- _Listed records_
= = =

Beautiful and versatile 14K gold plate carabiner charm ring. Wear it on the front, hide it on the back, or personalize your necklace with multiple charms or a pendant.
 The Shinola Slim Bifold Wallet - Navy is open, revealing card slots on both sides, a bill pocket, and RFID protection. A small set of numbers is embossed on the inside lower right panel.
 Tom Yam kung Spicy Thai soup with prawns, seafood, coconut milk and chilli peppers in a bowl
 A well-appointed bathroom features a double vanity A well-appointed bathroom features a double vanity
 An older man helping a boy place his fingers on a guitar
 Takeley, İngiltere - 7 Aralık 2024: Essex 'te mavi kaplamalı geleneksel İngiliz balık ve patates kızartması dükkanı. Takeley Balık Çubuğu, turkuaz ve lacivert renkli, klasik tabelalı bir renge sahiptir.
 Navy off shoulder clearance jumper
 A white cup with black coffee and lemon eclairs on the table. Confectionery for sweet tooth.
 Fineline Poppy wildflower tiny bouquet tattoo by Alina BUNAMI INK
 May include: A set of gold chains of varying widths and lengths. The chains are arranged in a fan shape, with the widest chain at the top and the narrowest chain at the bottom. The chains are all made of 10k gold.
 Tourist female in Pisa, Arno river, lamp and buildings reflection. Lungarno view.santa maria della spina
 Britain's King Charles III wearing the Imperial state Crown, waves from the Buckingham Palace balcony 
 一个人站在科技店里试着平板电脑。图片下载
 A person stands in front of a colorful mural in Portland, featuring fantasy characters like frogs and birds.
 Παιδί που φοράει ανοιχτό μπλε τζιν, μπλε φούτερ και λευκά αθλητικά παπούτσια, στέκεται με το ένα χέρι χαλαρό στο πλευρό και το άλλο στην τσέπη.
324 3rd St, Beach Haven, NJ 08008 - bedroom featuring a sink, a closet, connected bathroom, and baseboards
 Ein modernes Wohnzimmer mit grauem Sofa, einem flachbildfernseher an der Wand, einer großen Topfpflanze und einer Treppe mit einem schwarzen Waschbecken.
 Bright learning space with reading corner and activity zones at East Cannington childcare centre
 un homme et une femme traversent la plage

= = =

- _Work instructions_
Reproduce the full block of data exactly, omitting nothing.

- _Answer to this problem_
Beautiful and versatile 14K gold plate carabiner charm ring. Wear it on the front, hide it on the back, or personalize your necklace with multiple charms or a pendant.
 The Shinola Slim Bifold Wallet - Navy is open, revealing card slots on both sides, a bill pocket, and RFID protection. A small set of numbers is embossed on the inside lower right panel.
 Tom Yam kung Spicy Thai soup with prawns, seafood, coconut milk and chilli peppers in a bowl
 A well-appointed bathroom features a double vanity A well-appointed bathroom features a double vanity
 An older man helping a boy place his fingers on a guitar
 Takeley, İngiltere - 7 Aralık 2024: Essex 'te mavi kaplamalı geleneksel İngiliz balık ve patates kızartması dükkanı. Takeley Balık Çubuğu, turkuaz ve lacivert renkli, klasik tabelalı bir renge sahiptir.
 Navy off shoulder clearance jumper
 A white cup with black coffee and lemon eclairs on the table. Confectionery for sweet tooth.
 Fineline Poppy wildflower tiny bouquet tattoo by Alina BUNAMI INK
 May include: A set of gold chains of varying widths and lengths. The chains are arranged in a fan shape, with the widest chain at the top and the narrowest chain at the bottom. The chains are all made of 10k gold.
 Tourist female in Pisa, Arno river, lamp and buildings reflection. Lungarno view.santa maria della spina
 Britain's King Charles III wearing the Imperial state Crown, waves from the Buckingham Palace balcony 
 一个人站在科技店里试着平板电脑。图片下载
 A person stands in front of a colorful mural in Portland, featuring fantasy characters like frogs and birds.
 Παιδί που φοράει ανοιχτό μπλε τζιν, μπλε φούτερ και λευκά αθλητικά παπούτσια, στέκεται με το ένα χέρι χαλαρό στο πλευρό και το άλλο στην τσέπη.
324 3rd St, Beach Haven, NJ 08008 - bedroom featuring a sink, a closet, connected bathroom, and baseboards
 Ein modernes Wohnzimmer mit grauem Sofa, einem flachbildfernseher an der Wand, einer großen Topfpflanze und einer Treppe mit einem schwarzen Waschbecken.
 Bright learning space with reading corner and activity zones at East Cannington childcare centre
 un homme et une femme traversent la plage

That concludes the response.